START Data excerpts

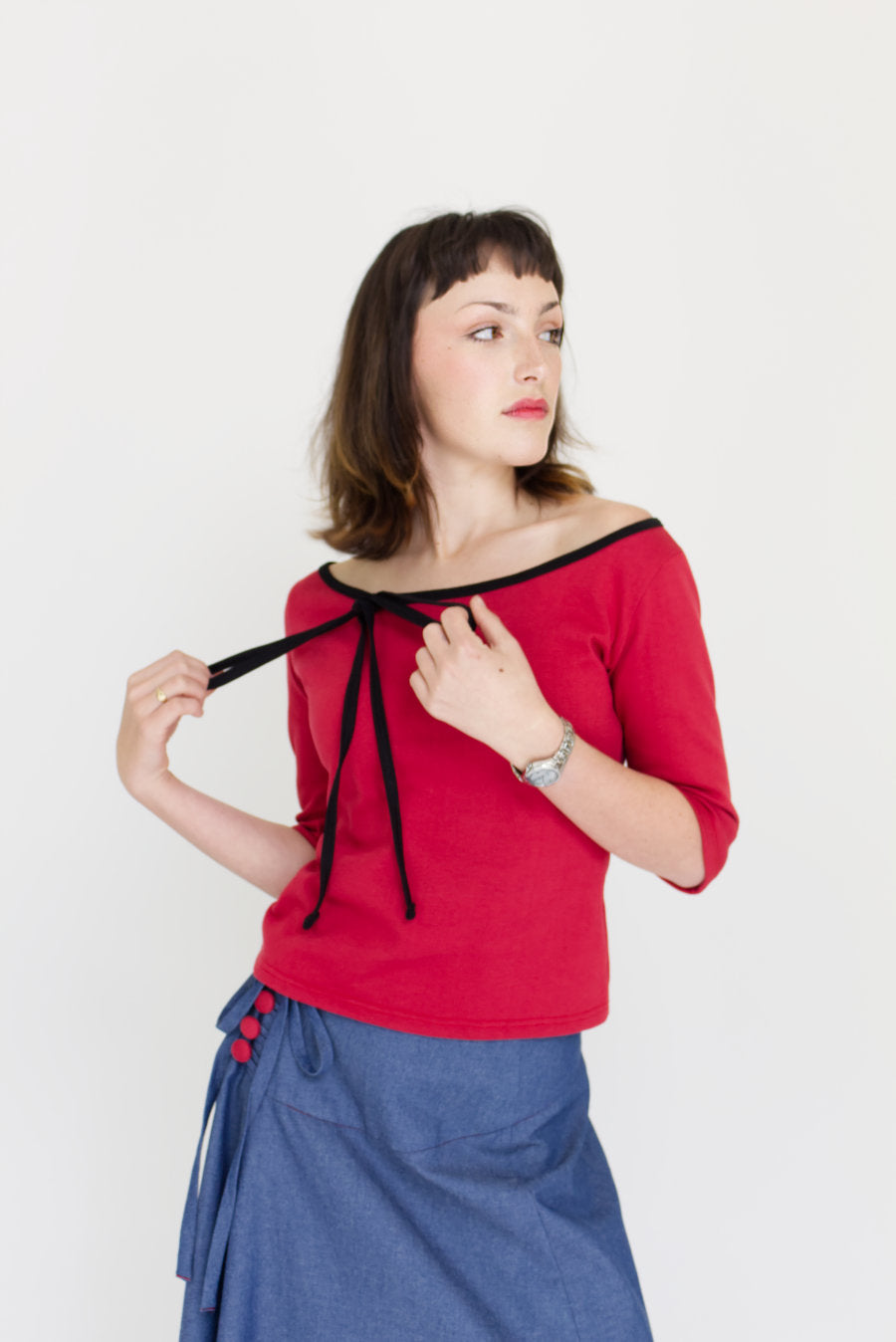 Ruby Boat Neck Top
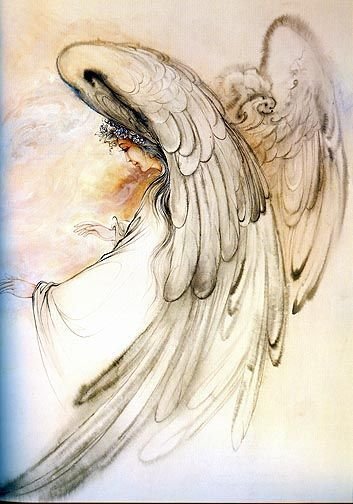 Ангел хранитель акварель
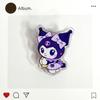 Clipes de Inserção de Desenho Animado Kuromi em PP Fofos para Meninas Coração Teste Papel Clipe Foto Armazenamento Clipe Decorativo de Desenho Animado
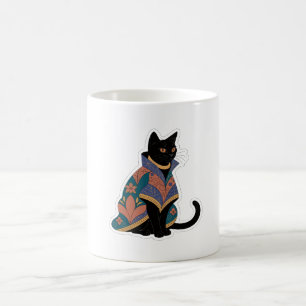 Juwel-Ton Botanischer Katzenkaffeebecher Kaffeetasse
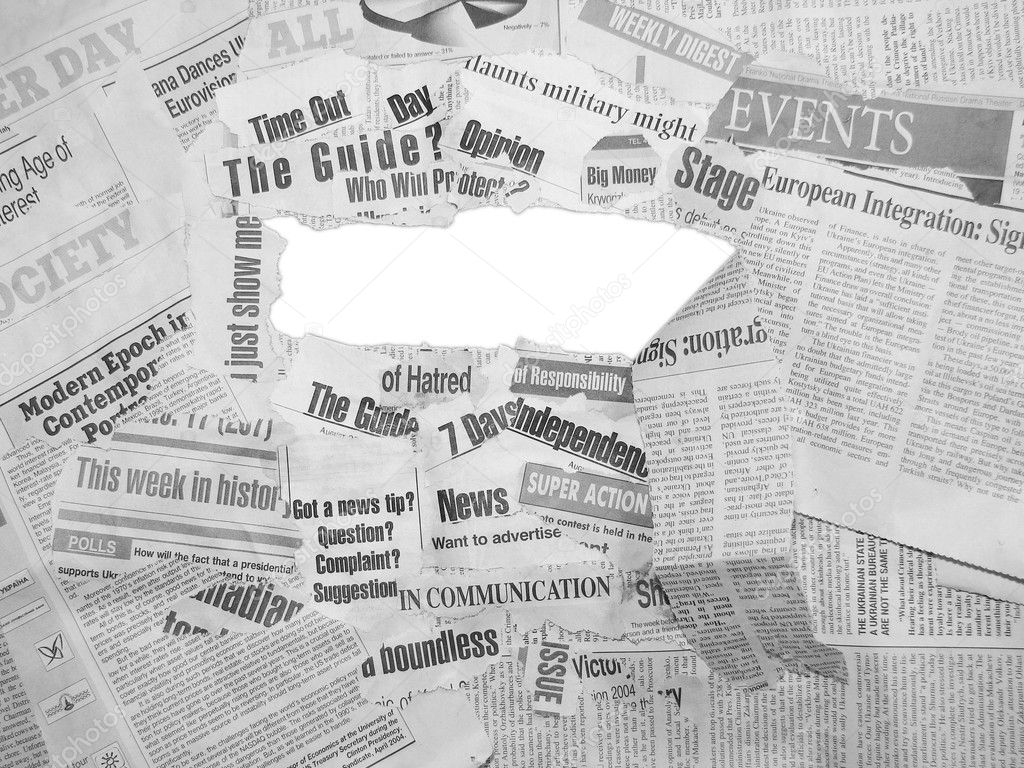 Newspaper Headlines Collage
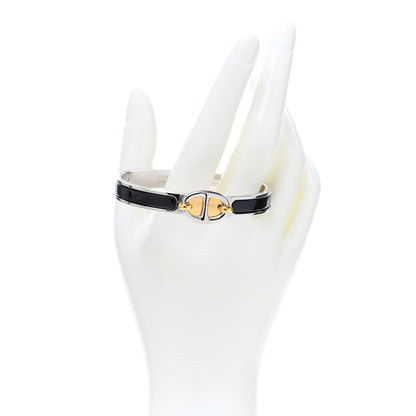 Hermes Enamel Mini Clic Chaine D'Ancre Farandole Bracelet GM Black 2 of 5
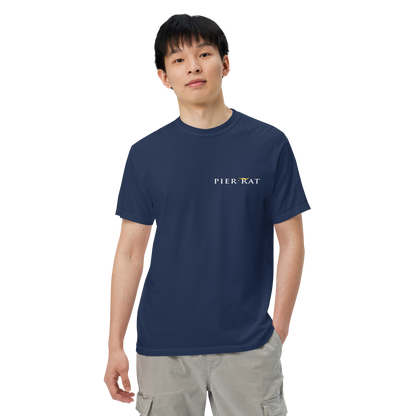 Navy Pier Rat Unisex Heavyweight Cotton T-Shirt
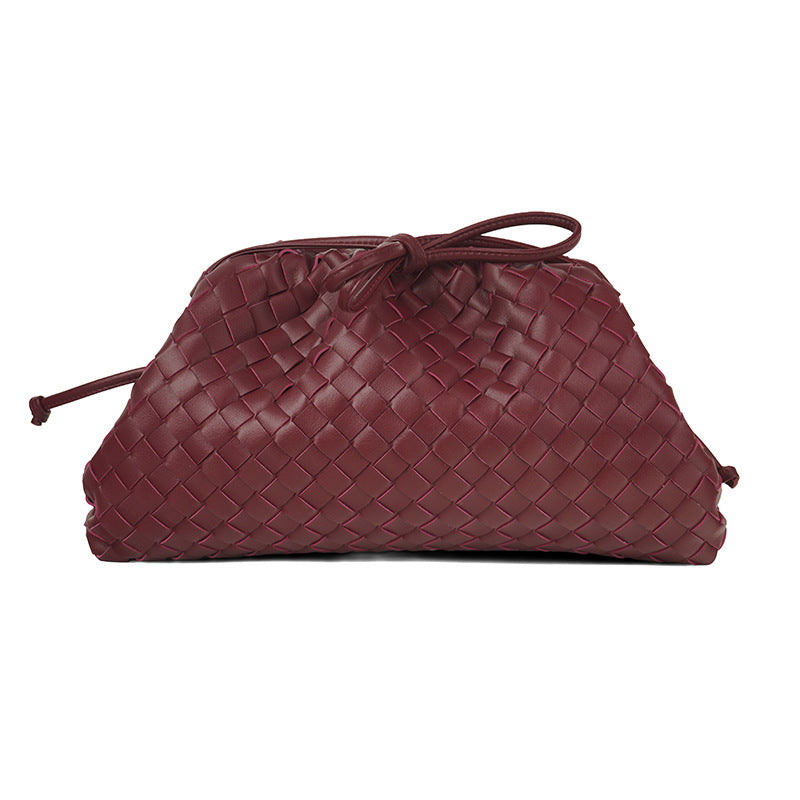 Large Cloud Woven Capacity Clip Hand Crossbody Bags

END Data excerpts

Copy out all the data above exactly, minus the images.

 Ruby Boat Neck Top
 Ангел хранитель акварель
 Clipes de Inserção de Desenho Animado Kuromi em PP Fofos para Meninas Coração Teste Papel Clipe Foto Armazenamento Clipe Decorativo de Desenho Animado
 Juwel-Ton Botanischer Katzenkaffeebecher Kaffeetasse
 Newspaper Headlines Collage
 Hermes Enamel Mini Clic Chaine D'Ancre Farandole Bracelet GM Black 2 of 5
 Navy Pier Rat Unisex Heavyweight Cotton T-Shirt
 Large Cloud Woven Capacity Clip Hand Crossbody Bags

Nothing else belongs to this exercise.